La derecha performática y disparatada puede existir y prosperar porque hay amplios grupos poblacionales cansados de la política, que no ven en ella el canal para resolver sus acuciantes problemas cotidianos, y se decantan por los que, como ellos, apuestan por echarlo todo por la borda haciendo borrón y cuenta nueva.
Rafael Cuevas Molina / Presidente AUNA-Costa Rica
Esto viene ocurriendo de forma clara y evidente desde la llegada de Donald Trump a la Presidencia de Estados Unidos. La impronta de Trump en la política mundial ha sido vasta, aunque no fue más que la concreción de una tendencia que venía creciendo larvadamente en todo el mundo y que, como ocurre con frecuencia en nuestros tiempos, se expresó nítidamente y de forma contundente en Estados Unidos.
Luego, ha habido variantes del modelo Trump, unas más estrambóticas que otras, dependiendo del lugar y en el contexto en el que se expresen, pero ya es evidente que constituyen expresiones propias de la política contemporánea. En América Latina, las hay estridentes, expresadas en los casos de Jair Bolsonaro en Brasil o el de Javier Milei en Argentina, y otras menos aspaventosas, como la del presidente de Costa Rica, Rodrigo Chaves.

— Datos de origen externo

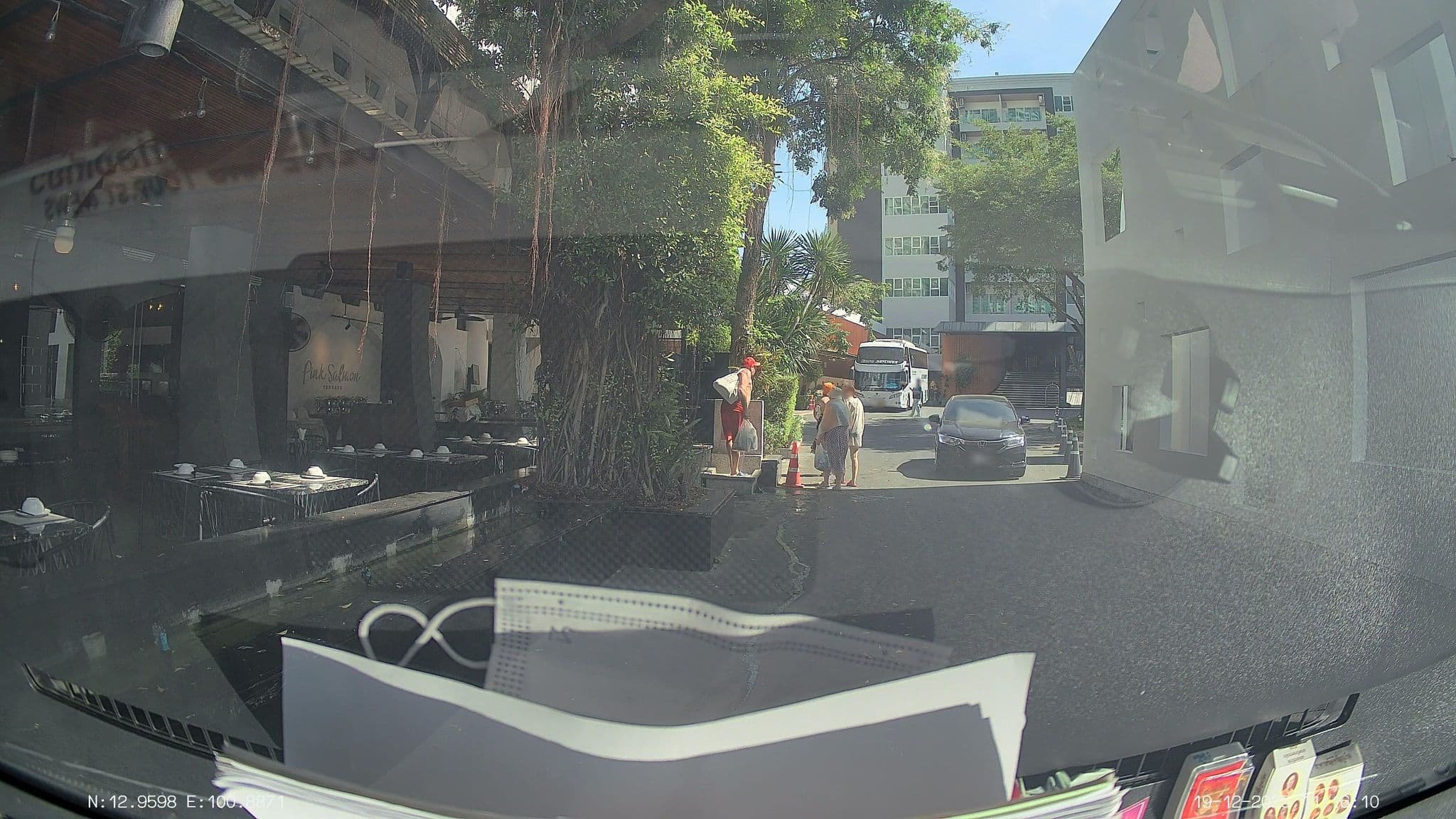 Street view near Prima Wongamat Hotel, Pattaya — © ThailandCambodia (CC BY-SA · Mapillary)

Esta nueva derecha no abandona su credo neoliberal, todo lo contrario, lo profundiza y asume una agenda cultural según la cual quedarían como los campeones guardianes de la moral tradicional. Se oponen al matrimonio igualitario, al aborto, a lo que catalogan como la «ideología de género», y consideran un cuento chino el calentamiento global. Piensan que todo eso forma parte de lo que llaman «marxismo cultural», que los más sofisticados de ellos creen que son derivaciones contemporáneas del pensamiento de Gramsci, es decir -y utilizando nosotros mismos la terminología gramsciana- un aggiornamento de las ideas comunistas.
En su momento, Donald Trump provocó un impacto incluso desconcertante por las cosas que decía y proponía. Trump proviene de la tradición del espectáculo televisivo estadounidense, que vive del rating y, por lo tanto, está acostumbrado a crear situaciones impactantes que golpean al espectador, y ese modus operandi lo trasladó la política, acentuando su carácter de show preocupado en llamar la atención y despertar adhesiones emotivas con altas dosis de irracionalidad.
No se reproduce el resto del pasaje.